[Exercise prompt] Your response should contain only the lines running from the top of the data below through the line with "2 1985 Hasbro", both included. Pictures must be omitted.

[Source data]
= Beginning of Section =

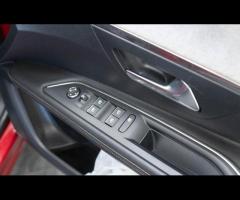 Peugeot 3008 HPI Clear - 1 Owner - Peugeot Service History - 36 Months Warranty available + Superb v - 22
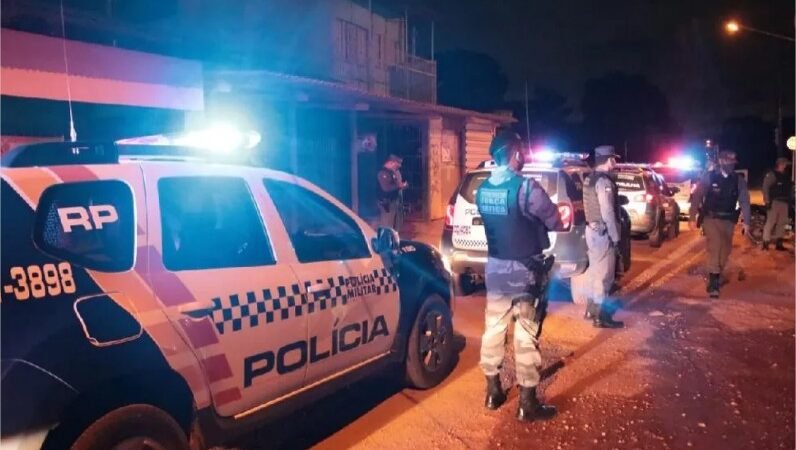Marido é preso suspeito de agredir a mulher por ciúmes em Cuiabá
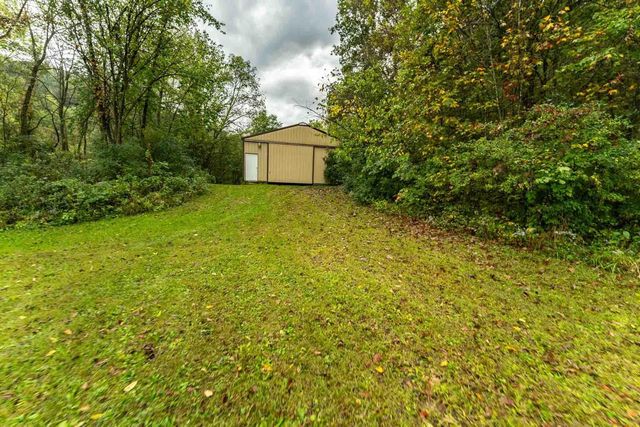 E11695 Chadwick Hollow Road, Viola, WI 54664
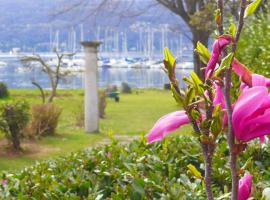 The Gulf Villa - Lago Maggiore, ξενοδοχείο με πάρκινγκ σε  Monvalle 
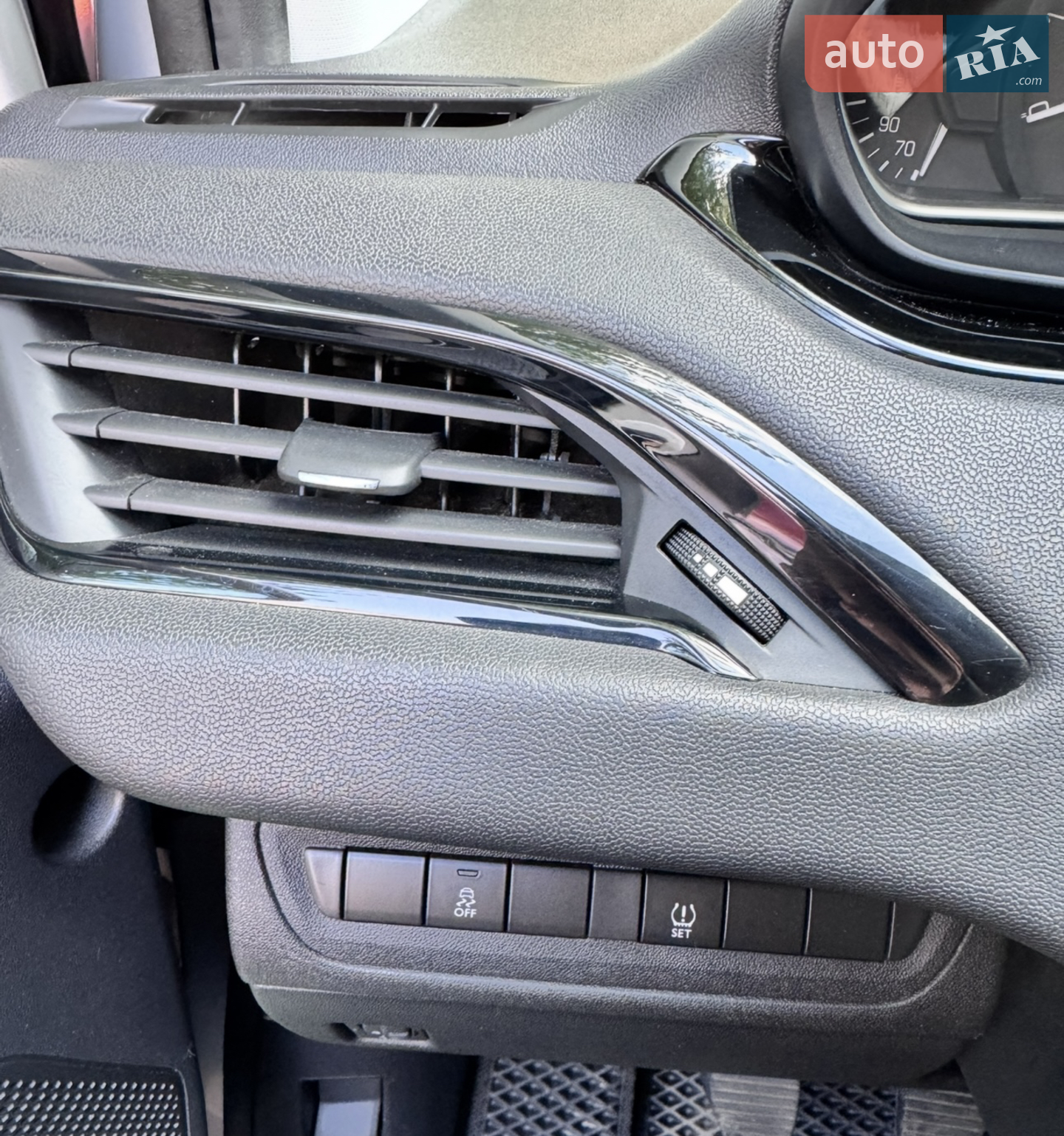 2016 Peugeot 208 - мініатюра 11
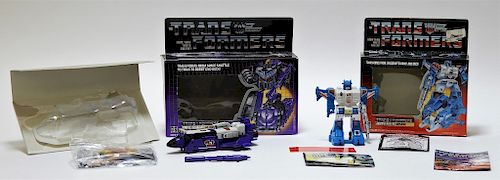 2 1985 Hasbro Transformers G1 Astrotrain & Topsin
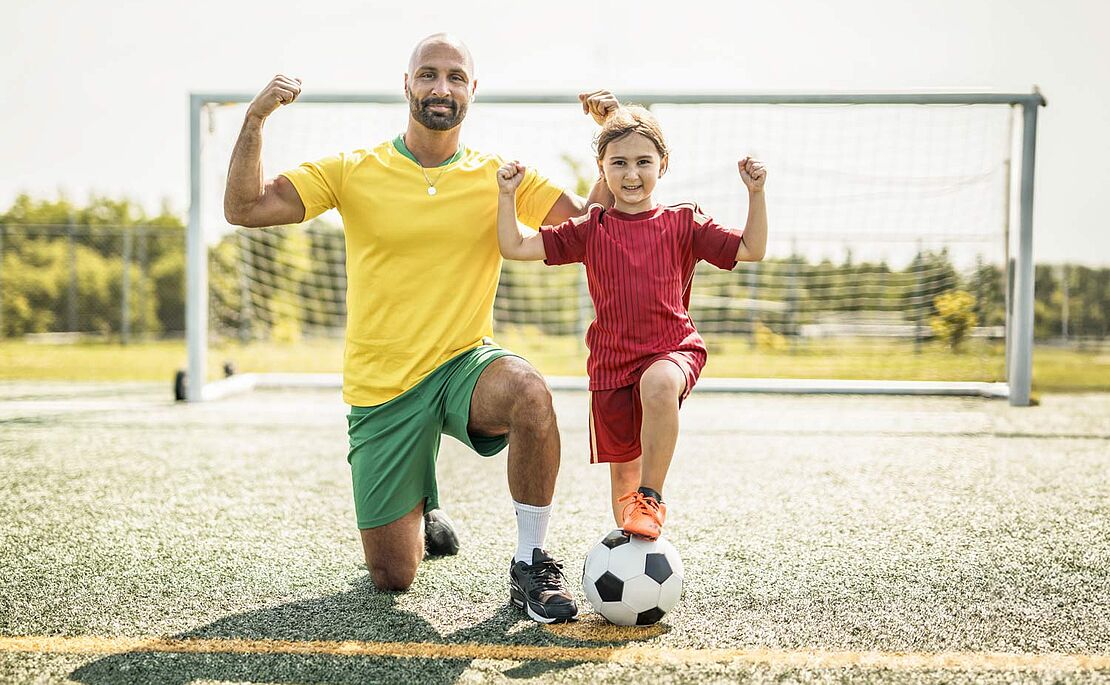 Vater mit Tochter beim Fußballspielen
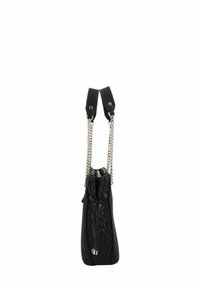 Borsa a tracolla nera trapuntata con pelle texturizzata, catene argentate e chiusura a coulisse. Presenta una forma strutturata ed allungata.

= End of Section =

[Exercise result]
 Peugeot 3008 HPI Clear - 1 Owner - Peugeot Service History - 36 Months Warranty available + Superb v - 22
Marido é preso suspeito de agredir a mulher por ciúmes em Cuiabá
 E11695 Chadwick Hollow Road, Viola, WI 54664
 The Gulf Villa - Lago Maggiore, ξενοδοχείο με πάρκινγκ σε  Monvalle 
 2016 Peugeot 208 - мініатюра 11
 2 1985 Hasbro Transformers G1 Astrotrain & Topsin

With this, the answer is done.